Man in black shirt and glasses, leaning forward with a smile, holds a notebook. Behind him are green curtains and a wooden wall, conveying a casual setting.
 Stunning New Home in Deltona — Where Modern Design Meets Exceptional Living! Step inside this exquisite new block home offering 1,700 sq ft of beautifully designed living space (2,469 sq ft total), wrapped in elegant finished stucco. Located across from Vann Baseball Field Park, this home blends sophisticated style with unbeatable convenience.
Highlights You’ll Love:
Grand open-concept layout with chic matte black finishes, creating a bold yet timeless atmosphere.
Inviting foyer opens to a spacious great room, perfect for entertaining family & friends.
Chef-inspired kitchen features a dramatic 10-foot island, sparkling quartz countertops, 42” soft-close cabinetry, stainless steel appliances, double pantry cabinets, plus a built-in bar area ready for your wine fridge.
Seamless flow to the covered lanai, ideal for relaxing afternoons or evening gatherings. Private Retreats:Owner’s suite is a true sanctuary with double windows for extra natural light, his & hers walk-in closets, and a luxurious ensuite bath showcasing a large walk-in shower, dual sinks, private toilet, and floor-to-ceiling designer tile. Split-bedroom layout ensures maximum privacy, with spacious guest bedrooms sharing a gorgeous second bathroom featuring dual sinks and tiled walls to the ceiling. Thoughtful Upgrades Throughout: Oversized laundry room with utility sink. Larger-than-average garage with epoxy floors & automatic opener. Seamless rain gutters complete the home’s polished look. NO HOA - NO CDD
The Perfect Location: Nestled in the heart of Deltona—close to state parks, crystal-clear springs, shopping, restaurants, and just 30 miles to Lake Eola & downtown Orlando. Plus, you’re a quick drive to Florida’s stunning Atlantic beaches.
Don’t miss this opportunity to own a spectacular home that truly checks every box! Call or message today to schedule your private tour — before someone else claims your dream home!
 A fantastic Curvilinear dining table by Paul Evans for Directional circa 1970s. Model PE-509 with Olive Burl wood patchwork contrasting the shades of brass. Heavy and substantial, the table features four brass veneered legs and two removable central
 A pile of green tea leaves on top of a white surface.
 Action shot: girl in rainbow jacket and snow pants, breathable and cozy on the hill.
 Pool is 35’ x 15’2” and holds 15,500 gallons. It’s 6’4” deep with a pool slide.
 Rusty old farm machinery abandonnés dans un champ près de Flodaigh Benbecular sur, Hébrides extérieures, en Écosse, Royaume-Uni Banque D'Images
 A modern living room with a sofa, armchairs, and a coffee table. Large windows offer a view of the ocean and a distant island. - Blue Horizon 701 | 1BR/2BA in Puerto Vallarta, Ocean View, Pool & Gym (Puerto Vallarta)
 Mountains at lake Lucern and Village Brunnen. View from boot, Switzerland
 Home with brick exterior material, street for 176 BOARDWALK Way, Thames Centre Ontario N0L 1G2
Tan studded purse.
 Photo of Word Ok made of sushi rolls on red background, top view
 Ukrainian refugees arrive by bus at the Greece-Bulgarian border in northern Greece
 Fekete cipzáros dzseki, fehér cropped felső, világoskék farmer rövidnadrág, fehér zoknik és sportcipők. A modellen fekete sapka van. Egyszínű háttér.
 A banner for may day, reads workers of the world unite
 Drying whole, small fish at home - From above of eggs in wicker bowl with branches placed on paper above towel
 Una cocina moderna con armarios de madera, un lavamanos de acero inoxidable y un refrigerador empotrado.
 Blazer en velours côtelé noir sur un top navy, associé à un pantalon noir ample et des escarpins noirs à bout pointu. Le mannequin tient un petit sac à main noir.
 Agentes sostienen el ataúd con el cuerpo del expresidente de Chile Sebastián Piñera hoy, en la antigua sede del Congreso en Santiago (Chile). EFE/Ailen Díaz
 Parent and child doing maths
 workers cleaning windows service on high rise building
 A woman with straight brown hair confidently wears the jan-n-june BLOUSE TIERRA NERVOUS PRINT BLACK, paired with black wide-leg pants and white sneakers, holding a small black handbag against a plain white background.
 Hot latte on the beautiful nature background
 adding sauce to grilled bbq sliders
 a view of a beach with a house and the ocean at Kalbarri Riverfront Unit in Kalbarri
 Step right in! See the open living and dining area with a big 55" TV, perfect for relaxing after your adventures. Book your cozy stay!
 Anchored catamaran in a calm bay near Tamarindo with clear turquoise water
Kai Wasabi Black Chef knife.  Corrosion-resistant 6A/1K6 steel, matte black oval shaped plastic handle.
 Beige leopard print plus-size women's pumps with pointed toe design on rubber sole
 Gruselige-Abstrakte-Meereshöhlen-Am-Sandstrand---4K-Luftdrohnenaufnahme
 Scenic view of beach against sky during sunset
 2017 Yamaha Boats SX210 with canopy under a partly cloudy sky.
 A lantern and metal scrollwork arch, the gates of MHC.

==========

* _WORK TO BE COMPLETED_
Read the entries and select each line where the word "pants" is found.

* _RESULT FOR THIS EXERCISE_
 Action shot: girl in rainbow jacket and snow pants, breathable and cozy on the hill.
 A woman with straight brown hair confidently wears the jan-n-june BLOUSE TIERRA NERVOUS PRINT BLACK, paired with black wide-leg pants and white sneakers, holding a small black handbag against a plain white background.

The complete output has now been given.